Posts by tag: Sport Touring

Featured Listing January 19, 2019 posted by

Featured Listing – 1995 Yamaha GTS 1000 Euro Edition

With its forkless front suspension, Yamaha's GTS 1000 was a tech demonstrator and leading-edge sport tourer. This example is in excellent shape with under 6,000 miles.

1995 Yamaha GTS 1000 with only 5,880 miles !

Besides hub-steering, which separates front suspension and steering, the GTS 1000 showed the way in other departments - electronic fuel injection and a 3-way catalyst reduced emissions for the engine from the FZR1000, tuned for 102 hp and a generous torque curve.  Big single disk brakes are found front and rear and backed up by optional ABS.  The full-featured fairing design surrounds the Omega-shaped main frame which encloses the engine.  Not without its faults, the GTS weighed like a sport-tourer but carried just 5-1/4 gallons of fuel.  Steering feel is different than a regular fork, but the first time you have to hit the brakes mid-corner can be a mind-changer.

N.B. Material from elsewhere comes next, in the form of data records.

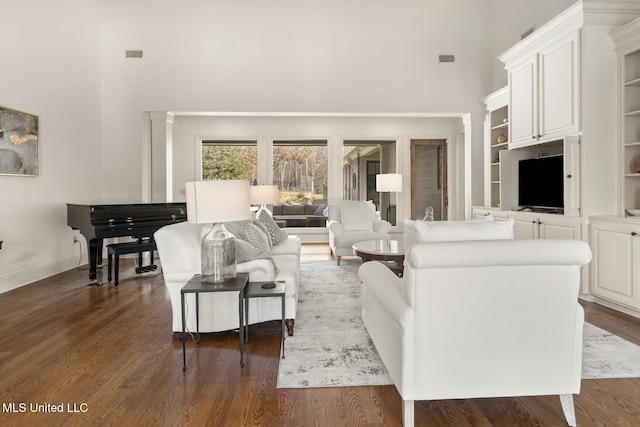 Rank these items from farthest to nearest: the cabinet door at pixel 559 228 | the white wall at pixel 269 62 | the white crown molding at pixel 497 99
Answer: the white wall at pixel 269 62
the white crown molding at pixel 497 99
the cabinet door at pixel 559 228

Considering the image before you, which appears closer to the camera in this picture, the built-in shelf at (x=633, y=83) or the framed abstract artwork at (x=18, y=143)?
the built-in shelf at (x=633, y=83)

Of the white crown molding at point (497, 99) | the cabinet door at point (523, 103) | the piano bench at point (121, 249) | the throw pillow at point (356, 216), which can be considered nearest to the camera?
the cabinet door at point (523, 103)

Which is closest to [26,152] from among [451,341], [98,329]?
[98,329]

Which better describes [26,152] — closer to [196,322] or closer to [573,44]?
[196,322]

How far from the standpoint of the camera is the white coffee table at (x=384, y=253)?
14.7ft

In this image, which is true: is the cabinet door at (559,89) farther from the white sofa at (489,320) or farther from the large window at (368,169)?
the large window at (368,169)

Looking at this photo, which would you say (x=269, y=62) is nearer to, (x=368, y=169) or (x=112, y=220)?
(x=112, y=220)

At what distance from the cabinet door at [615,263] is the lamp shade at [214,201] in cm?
334

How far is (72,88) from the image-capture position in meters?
5.66

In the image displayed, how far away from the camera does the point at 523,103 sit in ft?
16.2

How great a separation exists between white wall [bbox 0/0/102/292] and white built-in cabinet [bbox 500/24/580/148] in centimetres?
597

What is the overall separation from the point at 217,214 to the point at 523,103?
4.21m

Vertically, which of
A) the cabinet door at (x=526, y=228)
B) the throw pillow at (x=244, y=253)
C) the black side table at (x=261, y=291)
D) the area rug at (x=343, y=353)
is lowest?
the area rug at (x=343, y=353)

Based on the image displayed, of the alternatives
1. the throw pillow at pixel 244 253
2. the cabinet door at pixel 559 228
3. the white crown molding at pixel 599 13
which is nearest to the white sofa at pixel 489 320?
the throw pillow at pixel 244 253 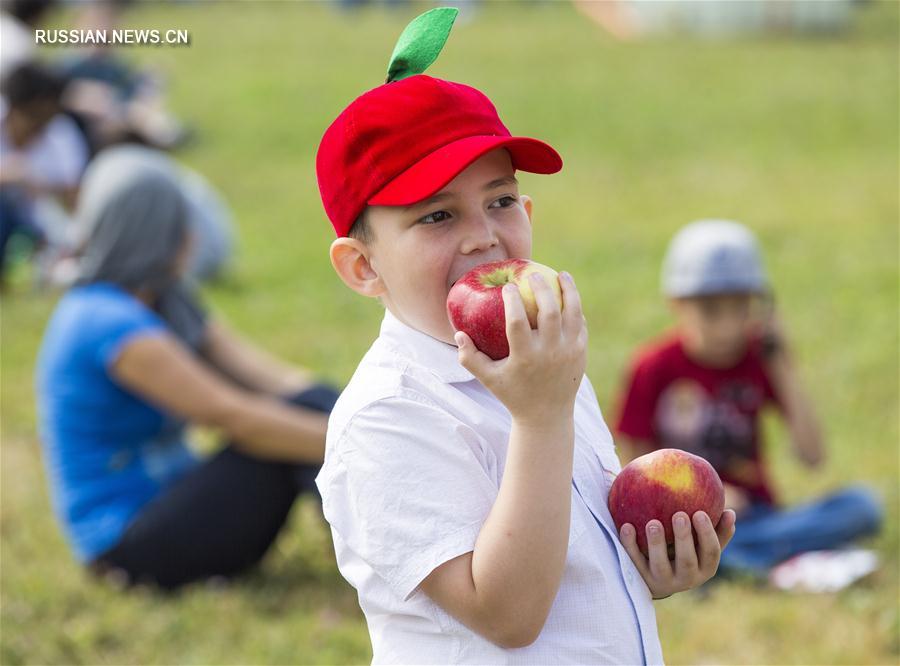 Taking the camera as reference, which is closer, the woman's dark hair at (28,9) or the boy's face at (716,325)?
the boy's face at (716,325)

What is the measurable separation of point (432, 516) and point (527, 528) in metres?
0.13

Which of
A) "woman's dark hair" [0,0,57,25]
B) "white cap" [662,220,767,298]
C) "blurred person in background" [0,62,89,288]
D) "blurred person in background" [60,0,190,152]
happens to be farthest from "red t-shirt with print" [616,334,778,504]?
"woman's dark hair" [0,0,57,25]

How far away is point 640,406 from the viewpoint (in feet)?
14.4

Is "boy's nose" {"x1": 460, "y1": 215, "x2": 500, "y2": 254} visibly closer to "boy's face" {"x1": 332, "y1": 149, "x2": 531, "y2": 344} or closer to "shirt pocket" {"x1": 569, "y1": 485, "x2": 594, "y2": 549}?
"boy's face" {"x1": 332, "y1": 149, "x2": 531, "y2": 344}

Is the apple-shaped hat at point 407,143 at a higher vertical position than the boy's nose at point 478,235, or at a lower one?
higher

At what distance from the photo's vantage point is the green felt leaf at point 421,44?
1.81 meters

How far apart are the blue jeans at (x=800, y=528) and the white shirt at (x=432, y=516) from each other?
8.84ft

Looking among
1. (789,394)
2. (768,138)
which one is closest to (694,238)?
(789,394)

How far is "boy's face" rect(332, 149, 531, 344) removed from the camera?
1.67 metres

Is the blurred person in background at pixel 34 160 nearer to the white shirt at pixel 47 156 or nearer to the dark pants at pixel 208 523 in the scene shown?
the white shirt at pixel 47 156

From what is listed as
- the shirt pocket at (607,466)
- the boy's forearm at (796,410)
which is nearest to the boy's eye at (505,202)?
the shirt pocket at (607,466)

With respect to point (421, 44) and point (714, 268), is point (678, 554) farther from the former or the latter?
point (714, 268)

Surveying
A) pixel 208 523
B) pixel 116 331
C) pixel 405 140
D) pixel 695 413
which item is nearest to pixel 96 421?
pixel 116 331

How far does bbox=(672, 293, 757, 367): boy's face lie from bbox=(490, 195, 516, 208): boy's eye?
275cm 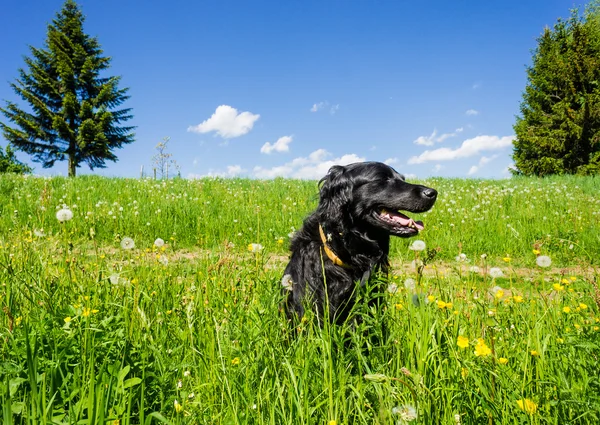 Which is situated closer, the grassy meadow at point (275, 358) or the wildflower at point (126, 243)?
the grassy meadow at point (275, 358)

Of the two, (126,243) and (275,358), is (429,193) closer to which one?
(275,358)

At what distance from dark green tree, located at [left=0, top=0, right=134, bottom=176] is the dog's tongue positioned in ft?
131

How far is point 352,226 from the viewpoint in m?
3.48

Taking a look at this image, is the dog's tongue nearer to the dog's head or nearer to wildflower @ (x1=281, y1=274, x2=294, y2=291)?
the dog's head

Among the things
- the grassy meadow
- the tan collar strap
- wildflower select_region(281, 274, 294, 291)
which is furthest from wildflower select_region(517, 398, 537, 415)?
the tan collar strap

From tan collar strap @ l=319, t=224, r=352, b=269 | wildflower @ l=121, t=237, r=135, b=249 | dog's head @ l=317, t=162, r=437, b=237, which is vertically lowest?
tan collar strap @ l=319, t=224, r=352, b=269

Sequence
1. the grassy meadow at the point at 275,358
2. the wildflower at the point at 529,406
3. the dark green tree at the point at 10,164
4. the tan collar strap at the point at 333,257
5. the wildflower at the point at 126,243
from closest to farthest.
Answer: the wildflower at the point at 529,406, the grassy meadow at the point at 275,358, the wildflower at the point at 126,243, the tan collar strap at the point at 333,257, the dark green tree at the point at 10,164

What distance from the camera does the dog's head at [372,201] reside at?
346 centimetres

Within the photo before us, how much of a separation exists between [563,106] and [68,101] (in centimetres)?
4562

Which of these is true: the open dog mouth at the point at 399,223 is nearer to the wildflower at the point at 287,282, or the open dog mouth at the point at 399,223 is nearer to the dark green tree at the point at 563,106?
the wildflower at the point at 287,282

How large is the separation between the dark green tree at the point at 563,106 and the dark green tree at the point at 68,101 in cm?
4115

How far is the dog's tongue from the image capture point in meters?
3.33

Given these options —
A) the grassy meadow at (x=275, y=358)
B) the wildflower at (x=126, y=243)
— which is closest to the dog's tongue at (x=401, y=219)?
the grassy meadow at (x=275, y=358)

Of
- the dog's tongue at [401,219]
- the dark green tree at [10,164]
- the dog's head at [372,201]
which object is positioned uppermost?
the dark green tree at [10,164]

Accustomed to premium pricing and forward looking, GTS 1000 owners were often real fans.  That's the case here, as Mike located a 1995 imported from Germany ( Yamaha stopped imports to U.S. after 1994 ), and has looked after it nicely.  Understated blue/gray livery goes well with the rarely seen panniers.  No apparent rubs or scrapes, and all expendables recently refreshed.  Mike's comments:

1995 Yamaha GTS 1000 Euro version.  This bike has Yamaha's FZR 1000 engine.  Fuel injected.  ABS RADD front fork technology.  This is a rare bike in that it is a 1995.  It was not imported into the US after 1994.  Its also has the rare "Panniers" which were optional and are the original Yamaha OEM equipment.
Very low miles, (speed is in kilometers).  New in 2018 tires, battery all fluids, oil & filter.  Spark plugs.  Runs perfect.  Everything works.  Windscreen is showing discoloration and there are a few chips.  Replacement aftermarket screens are available on eBay.  Title in my name. Located in Skippack, PA.

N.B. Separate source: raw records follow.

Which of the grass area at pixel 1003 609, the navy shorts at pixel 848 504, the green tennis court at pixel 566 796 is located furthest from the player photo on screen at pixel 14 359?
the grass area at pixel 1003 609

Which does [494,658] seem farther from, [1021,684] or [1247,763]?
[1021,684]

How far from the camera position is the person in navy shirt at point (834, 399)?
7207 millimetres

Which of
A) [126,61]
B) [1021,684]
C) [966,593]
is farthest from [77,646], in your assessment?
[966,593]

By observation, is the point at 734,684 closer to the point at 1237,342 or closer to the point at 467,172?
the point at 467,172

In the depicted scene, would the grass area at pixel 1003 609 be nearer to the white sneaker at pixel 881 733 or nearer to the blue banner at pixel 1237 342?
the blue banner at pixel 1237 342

Developing a platform like this is important for a leading manufacturer, and pays dividends outside of the showroom.  While they could be considered commercial failures, bikes from BMW's K1 to Ducati's Desmosedici to Bimota's Tesi continue to push the boundaries in design and construction.  The GTS 1000 was sold worldwide until 1999, though it only lasted two years here.  Rare to begin with, this is a great low-mile example with up-to-date maintenance.  Mike asks $7,500 for the GTS 1000 and can be reached - here -.
-donn

Featured Listing – 1995 Yamaha GTS 1000 Euro Edition
MZ August 31, 2018 posted by

Have Your Cake: 2005 MZ 1000S for Sale

Clean, low-mileage examples of the MZ 1000S pop up for sale from time to time and, since most were silver, I always have to dig back through our archives to see if it’s one we’ve featured recently. Also, I get the feeling they’re hard to shift and the same listings seem to pop up again and again for sale, which is a shame considering how competent a motorcycle it is.

After a moderately successful attempt at a comeback in the 90s with a range of practical, accessibly sporty motorcycles based around Yamaha’s five-valve 660 single, MZ decided that, if you’re going to go low-volume, you should probably go upmarket. The striking MZ 1000S was the result, but the only exotic vibes were the ones produced by the unusually large parallel-twin engine, and performance wasn’t really backed up by the bike’s angular looks. Neither the 1000S nor its half-faired stablemate the 1000SF "Streetfighter" sold very well.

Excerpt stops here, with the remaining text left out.